Video
that led to Aaron Swartz’s arrest released
Several
minutes of surveillance camera footage used to identify, then arrest
and indict late computer prodigy Aaron Swartz has surfaced due to a
Freedom of Information Act request.
RT,
4
December, 2013
The
eleven minutes of raw video was captured by a hidden camera posted in
the corner of an electrical closet at MIT in January 2011 and shows
Swartz — a then-24-year-old programmer and activist who years
earlier helped code the popular website Reddit — swapping a new
hard drive into a hidden laptop that he connected to the school’s
network in an attempt to download millions of scholarly articles from
the academic website JSTOR.
Authorities
relied on the footage to narrow in on Swartz days later and
ultimately charge him with computer crimes, the likes of which could
have cost him as much as 35 years in prison and a million dollars in
fines if he had been convicted. His case was months away from going
to a jury trial this past January when he hung himself in his New
York City apartment and died
at the age of 26. Federal charges were dropped
shortly thereafter.
Kevin Poulsen — a friend of Swartz and a reporter for Wired — published the video on the internet on Wednesday along with 148 pages of newly-released documents that have just now been relinquished by the government in compliance with a federal judge’s order from this summer. Poulsen’s efforts to uncover the government’s dossier on Swartz following his death had been ignored by the feds until United States District Judge Colleen Kollar-Kotelly compelled the Department of Homeland Security in July to come clean and produce any documents pertaining to Swartz in the possession of their sub-office, the US Secret Service, who along with the Massachusetts District Attorney’s Office had been investigating the MIT incident.
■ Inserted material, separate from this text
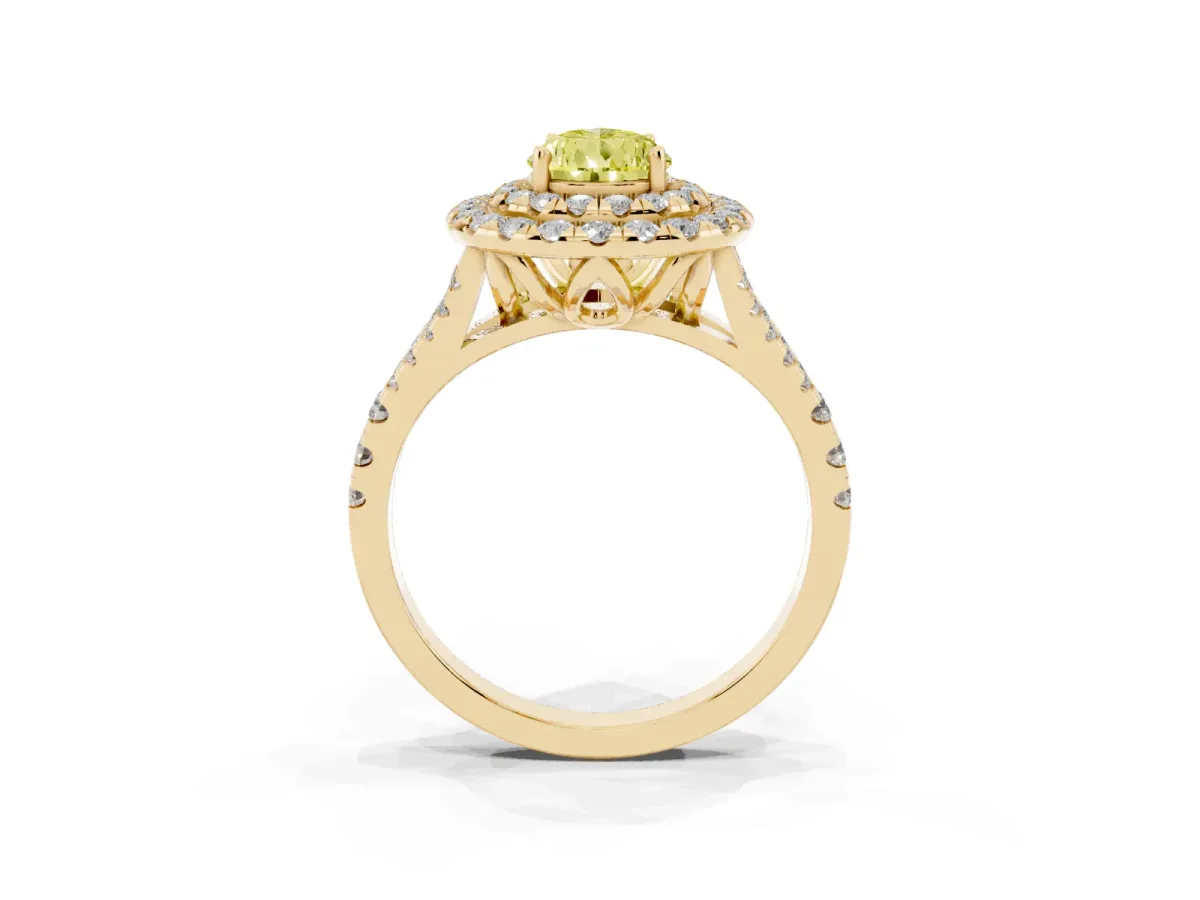 Fancy Yellow Double Halo Pear Cut Diamond Pavé Split Shank Ring with Prong Setting Yellow gold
The trove of just-released files consists largely of correspondence between the Secret Service and Justice Department officials in the days and weeks after Swartz’s Jan. 11 suicide, when reports of his passing sparked digital protests, allegations of prosecutorial overreach on the part of the government and questions from lawmakers. Some documents show a back-and-forth between staffers at the Secret Service’s Office of Congressional Affairs and Justice Department officials, who scrambled to gather information on the case days following Swartz’s passing after the House Oversight and Government Reform Committee, chaired by Rep. Darrell Issa (R-California), demanded a briefing on their respective roles in the investigation.
“Had he been a journalist and taken that same material that he gained from MIT, he would have been praised for it,” Issa told reporters at Huffington Post at this time of Swartz’s alleged crime. “It would have been like the Pentagon Papers.”
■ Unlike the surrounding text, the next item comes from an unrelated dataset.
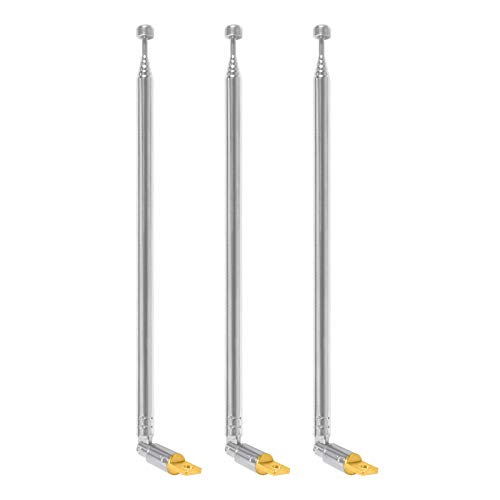 AITRIP 3 PACK 65cm 6 Sections Telescopic Antenna Portable Radio Antenna Replacement Replacement Compatible with Indoor Portable Radio Home Stereo Receiver AV Audio Vedio Home Theater Receiver TV Tuner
In another document obtained by Poulsen dated only hours after Swartz’s death, a Secret Service agent cautioned a colleague, “Given that he is well known through his association with Reddit and Wired magazine, I would not be surprised if there were to be media inquiries / coverage regarding his death.”
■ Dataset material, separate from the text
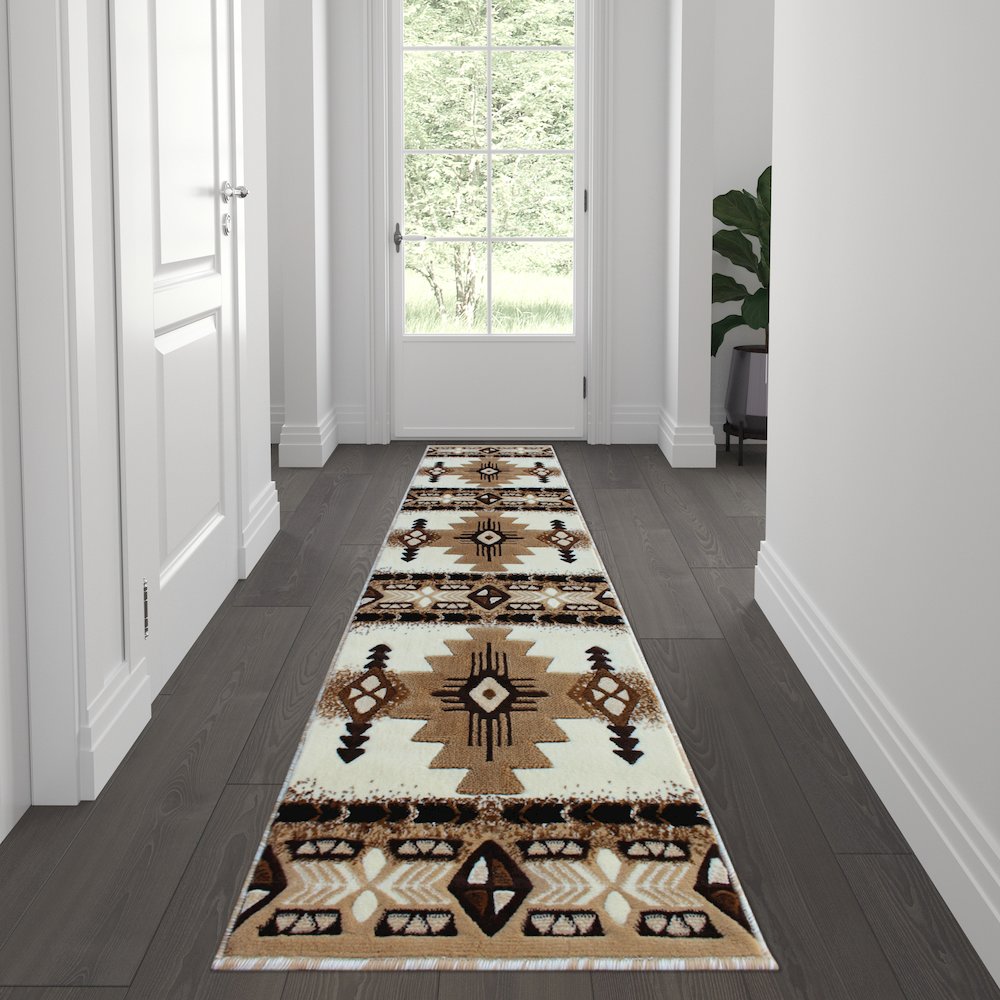 2' x 7' Ivory Traditional Southwestern Area Rug - Olefin Fibers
Indeed, Swartz’s legacy and untimely death continue to garner coverage nearly one year after his passing — as evident most clearly by Poulsen’s latest piece for Wired and the subsequent media attention that it has already generated: moments after Poulsen’s latest finds were published online, the internet quickly erupted with chatter about the silent, 11-minute-long video of Swartz shot at the precise movement that made a federal case fall into place and, according to some, ultimately lead to his death.
“The
door to the network closet pops open and a slender figure enters, a
bicycle helmet hanging from one arm. He sheds his backpack and pulls
out a cardboard box containing a small hard drive, then kneels out of
frame. After about five minutes, he stands, turns off the lights and
furtively exits the closet,” Poulsen wrote of the footage. “Those
few minutes of glitchy video — capturing Swartz swapping hard
drives on his stashed laptop — would prove fateful.”
“Looking
at the video, it’s easy to see what MIT and the Secret Service
presumably saw — a furtive hacker going someplace he shouldn’t
go, doing something he shouldn’t do,” Poulsen added. “But
photos from the putative crime scene, also released by the Secret
Service, add context missing from the video: a concrete support in
the network closet is crammed with a jumble of Sharpie graffiti
dating back to the early 1980s — earlier generations of hackers at
the institution that invented hacking, going places they shouldn’t
go, doing things they shouldn’t do, leaving their mark at the very
spot where, on January 4, 2011, MIT lost its tolerance for such
behavior.”
“Aaron
did not commit suicide but was killed by the government,” the
hacker’s father, Robert Swartz, said at his son’s funeral service
in Highland Park, Illinois last January.“Someone who made the world
a better place was pushed to his death by the government.”
Poulsen,
48, was working with Swartz on a system to securely leak and share
sensitive documents that has since been taken over by the Freedom of
the Press Foundation and renamed SecureDrop. In 1995, Poulsen was
sentenced to 51 months in prison for computer crimes, earning himself
the honor of serving what was at the time the longest prison sentence
ever for hacking. If convicted, Swartz could have served a sentence
as long as roughly eight-times what Poulsen spent behind bars.
An
attempt to reform the Computer Fraud and Abuse Act — the hacking
legislation which Swartz and so many other so-called hacktivists have
been charged under — has been proposed in Washington by members of
Congress under the name “Aaron’s Law” after his passing.